Now that a tiny bit of screenplay success has me focusing all my writing efforts on scripts, you’d think I would have carried this bit of advice over to this other medium.
Right now I’m revising a script with a healthy dose of feedback from producers, hoping that they’ll pull the trigger and decide to make this film. This script features a very, very long eulogy delivered in the first scene. The extended monologue up front breaks all the conventions of filmmaking, which is one reason I’ve had such good feedback. It’s a well written speech, if I do say so myself. And it doesn’t slow down the film at all.
You’d think I would have read this eulogy out loud before now. I first penned this scene almost two years ago. I’m on draft 7 according to the file name on my Word document, but it’s more likely draft 20 for this specific scene. And I’ve never read it out loud. Until now.

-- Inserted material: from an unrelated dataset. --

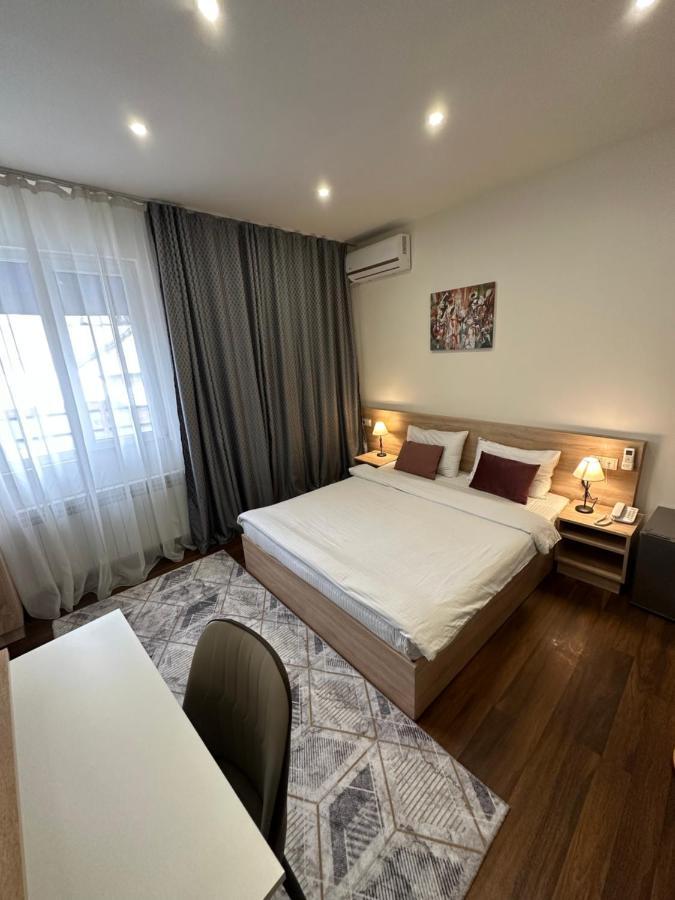 Nava Hotel Ереван Екстериор снимка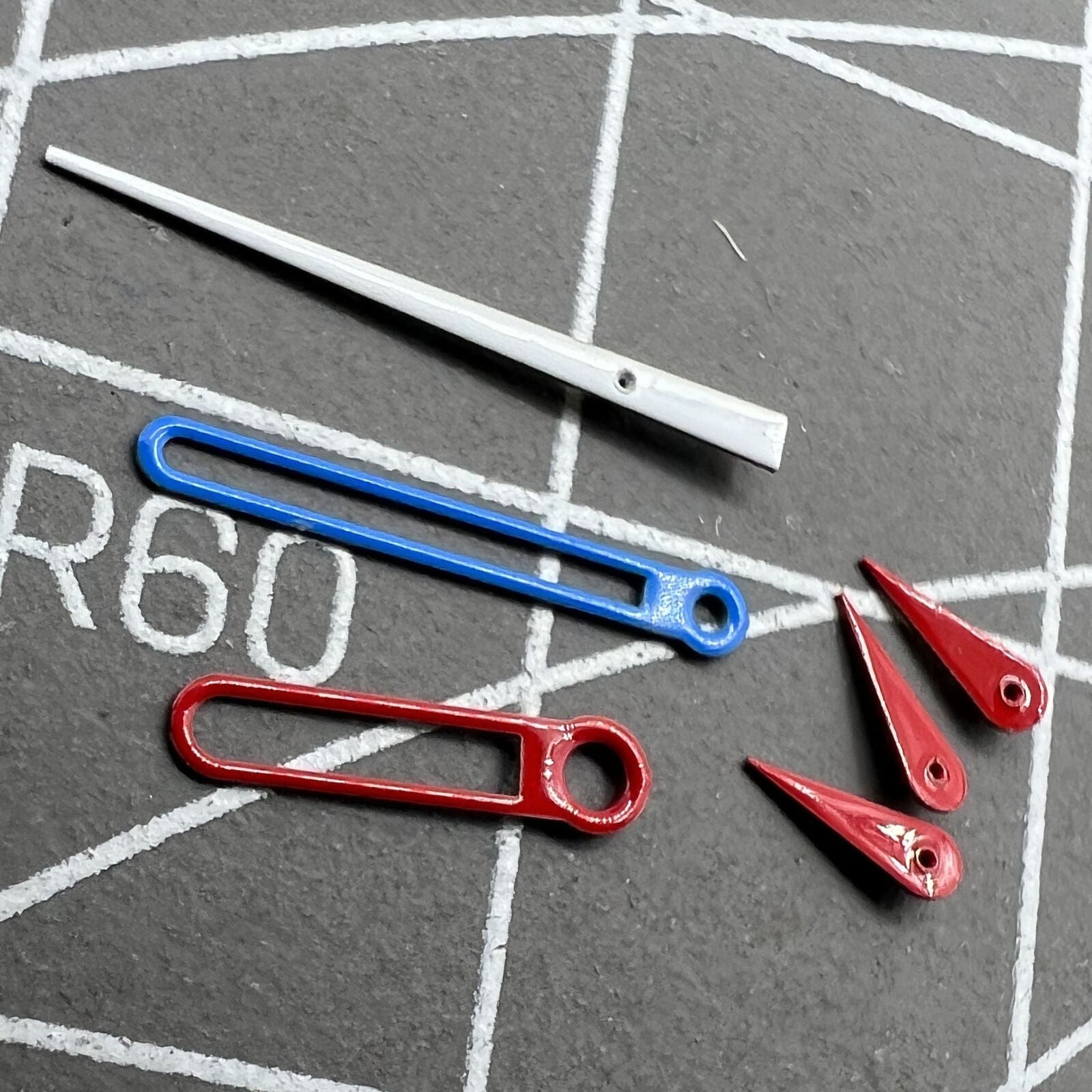 2 Sets Red Small Second Hands Blue+Red Trim Hands for VD53 VD54 VD57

It’s early morning, and I affected my best cheesy Irish accent and read the scene. I’ve sliced it down again and again, and they seem to think it’s still too long. It’s half its original size. I read it out loud, and I cut it some more. That was the first time I’ve ever read an extended passage from one of my scripts. This in a medium that is mostly dialog.
Isn’t that ridiculous? That should be your first step upon revision. Read the whole friggin thing. I wonder how often we ignore our own platitudes.